Assembly Minority Leader Lynn Hettrick, R-Gardnerville, said his caucus stand against any tax package that exceeded $704 million was not a reaction to the governor's statement.

"It wasn't a matter of trying to feel relevant," Hettrick said. "This wasn't about anyone's ego or anything else. These folks stood on principle. These people did what they believe in and it took a lot of heart to do that.

"We fought against the gross receipts tax, which was still on the table to the bitter end of that debate," he said. "It is a bad tax and would've been bad for the economic development and prosperity of this state. If you want to call that feeling like we were being relevant, we felt dang relevant trying to get rid of that tax."

The lasting effect of the bitter debate on the Republican Party, and whether Raggio's leadership position will survive the battle that pitted Republican against Republican are the unknowns left after the historic 2003 session.

Since he was elected in 1973, Raggio, 76, has been majority leader eight times and minority leader five times.

"I've always said it depends on your colleagues and what they want," he said. "If somebody thinks they can do a better job, they can step up."

A supporter of the proposed tax increase from the beginning of the session, Raggio worked to build a consensus through the regular and two special sessions -- both behind closed doors and in open session.

In addition to the 15 Assembly Republicans, Raggio also was unable to convince three Republican senators -- Ann O'Connell, Barbara Cegavske and Sandra Tiffany -- of the need for new taxes.

But the debate in the Senate never reached the epic standoff in the Assembly.

"He certainly is a force," said Senate Minority Leader Dina Titus, D-Las Vegas. "He came out on top, so I wouldn't underestimate him. After 12 years of trying to depose him, I worked better with him in this session and it has been the most contentious of any that I've ever had."

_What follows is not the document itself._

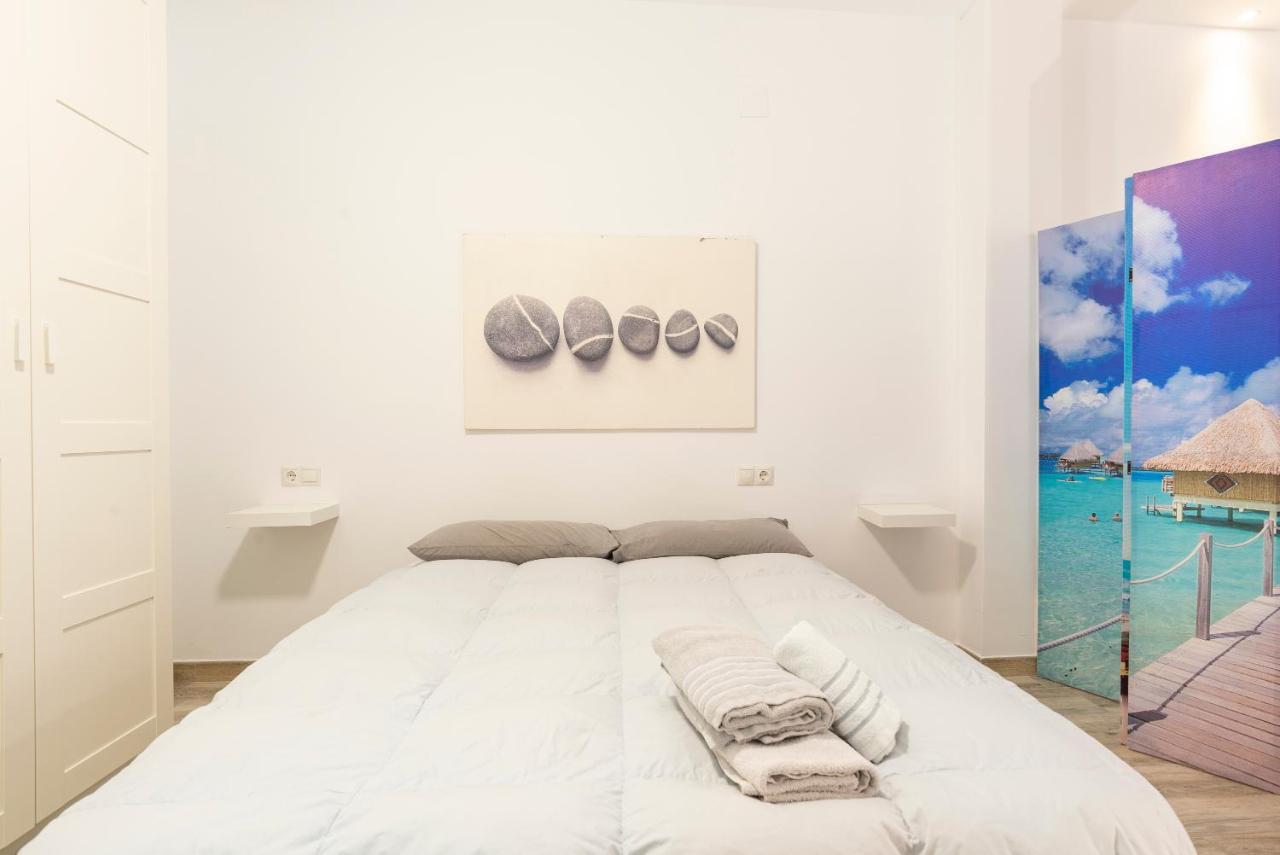 Apartment Vialia The Beach Málaga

Raggio downplayed the fracturing effect the session had on the Republican Party, calling it too early to tell what the long-term consequences will be. And he said the party was able to eventually overcome the rancor and pass a "fair and balanced" package of tax increases.

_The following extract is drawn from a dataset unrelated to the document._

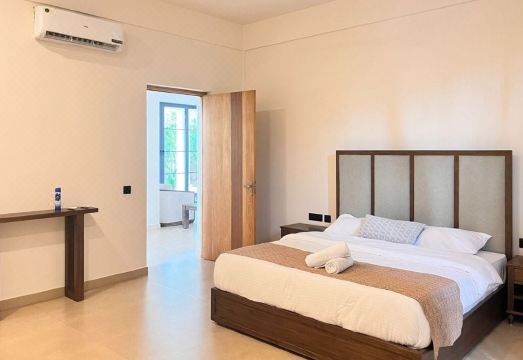 Beach villa Mandrem ocean with Seaview Hotel Overview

"We ended up with a budget that did not have a business income tax and did not create a state IRS," he said.

"I think I understand the needs of the state. I understand budgets and financing. And I can't sit back and not address the needs of retarded children, children that have serious problems, of families who are dealing with mental illness. Schools are in need and salaries need to be addressed."

But during the height of the budget impasse, a frustrated Raggio compared Republican anti-tax hard-liners to the John Birch Society, which hamstrung the party with divisiveness in the 1960s.

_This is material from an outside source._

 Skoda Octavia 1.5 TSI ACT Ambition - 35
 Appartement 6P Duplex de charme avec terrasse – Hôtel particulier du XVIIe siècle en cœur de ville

The political fallout of the session includes a recall effort against Guinn launched by a group of ultraconservative Republicans and members of other parties. Some members of the group believe a reform of the Republican party is needed.

"I respect Sen. Raggio," said Sandy Harmon, spokesman for the Committee to Recall Guinn. "But he was in the forefront leading the call for higher taxes. I think he's forgotten his conservative roots.

"We're people who have seen the writing on the wall and determined it is time to do something about it," Harmon said. "We're being taxed out of existence."

Raggio warned such efforts can destroy a party.

"I think I've earned my stripes in the Republican Party," Raggio said, listing his five decades of political accomplishments as a Republican.

"It is a lesson that not only the Republican Party but any party needs to learn: It isn't the other party that is going to beat you; it is the divisiveness in your own party. There is a segment of the party that has a very limited view of what the party ought to be."

Titus said the bad feelings will linger longer than most Republicans will admit.

"I think some things happened that people will have a hard time getting over," Titus said. "Publicly, they may put it behind them, but some of those things they'll never forget."